**DESCRIPTION OF THE TASK**
For this exercise, repeat the whole listing below exactly. Leave the pictures out.

**GIVEN INFORMATION**
============

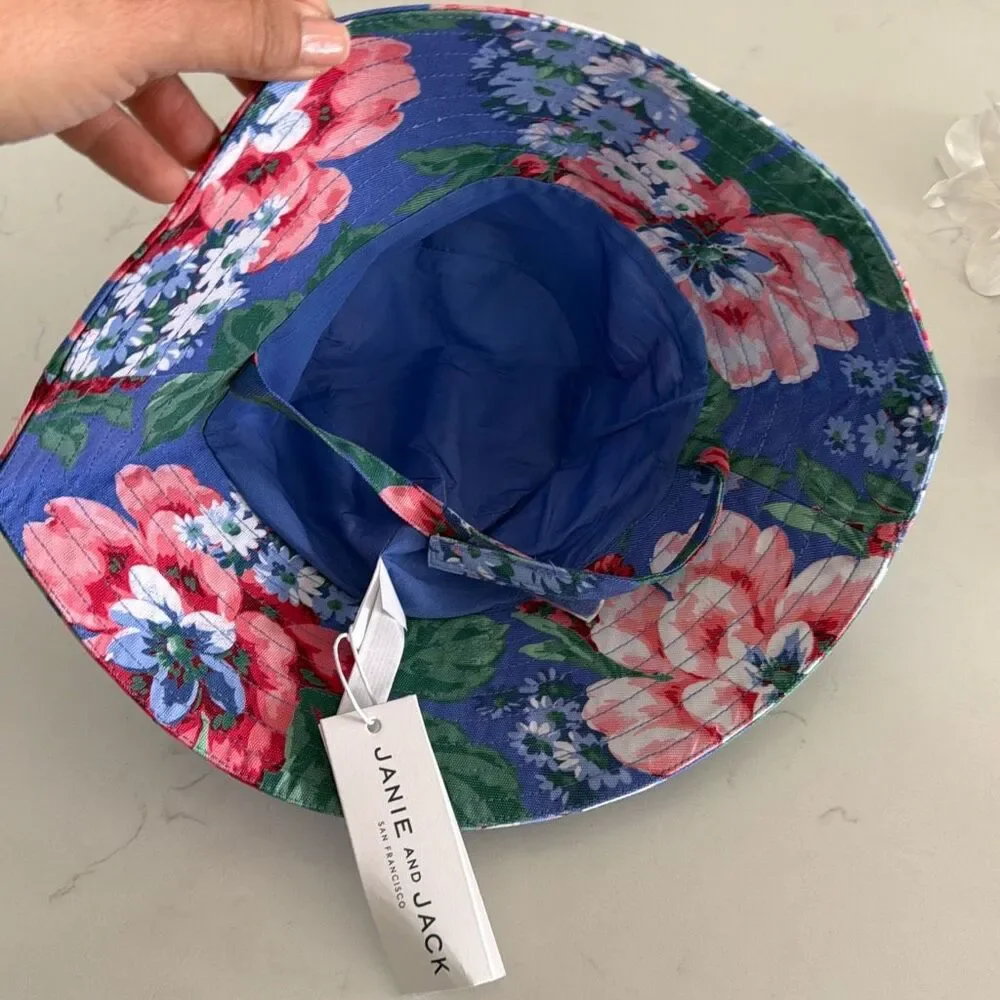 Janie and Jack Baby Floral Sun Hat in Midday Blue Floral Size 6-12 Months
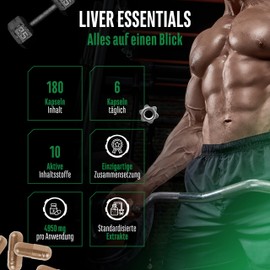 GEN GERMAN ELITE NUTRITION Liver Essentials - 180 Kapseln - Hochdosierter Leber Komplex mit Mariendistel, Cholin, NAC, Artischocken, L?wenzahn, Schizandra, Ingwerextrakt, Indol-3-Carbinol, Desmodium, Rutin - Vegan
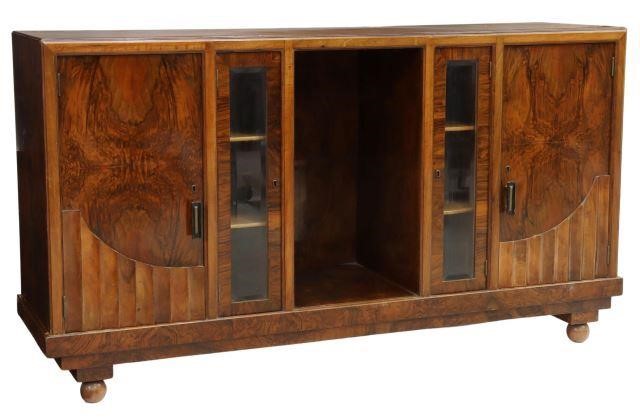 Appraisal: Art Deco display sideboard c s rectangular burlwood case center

============

**SOLVED PROBLEM**
 Janie and Jack Baby Floral Sun Hat in Midday Blue Floral Size 6-12 Months
 GEN GERMAN ELITE NUTRITION Liver Essentials - 180 Kapseln - Hochdosierter Leber Komplex mit Mariendistel, Cholin, NAC, Artischocken, L?wenzahn, Schizandra, Ingwerextrakt, Indol-3-Carbinol, Desmodium, Rutin - Vegan
 Appraisal: Art Deco display sideboard c s rectangular burlwood case center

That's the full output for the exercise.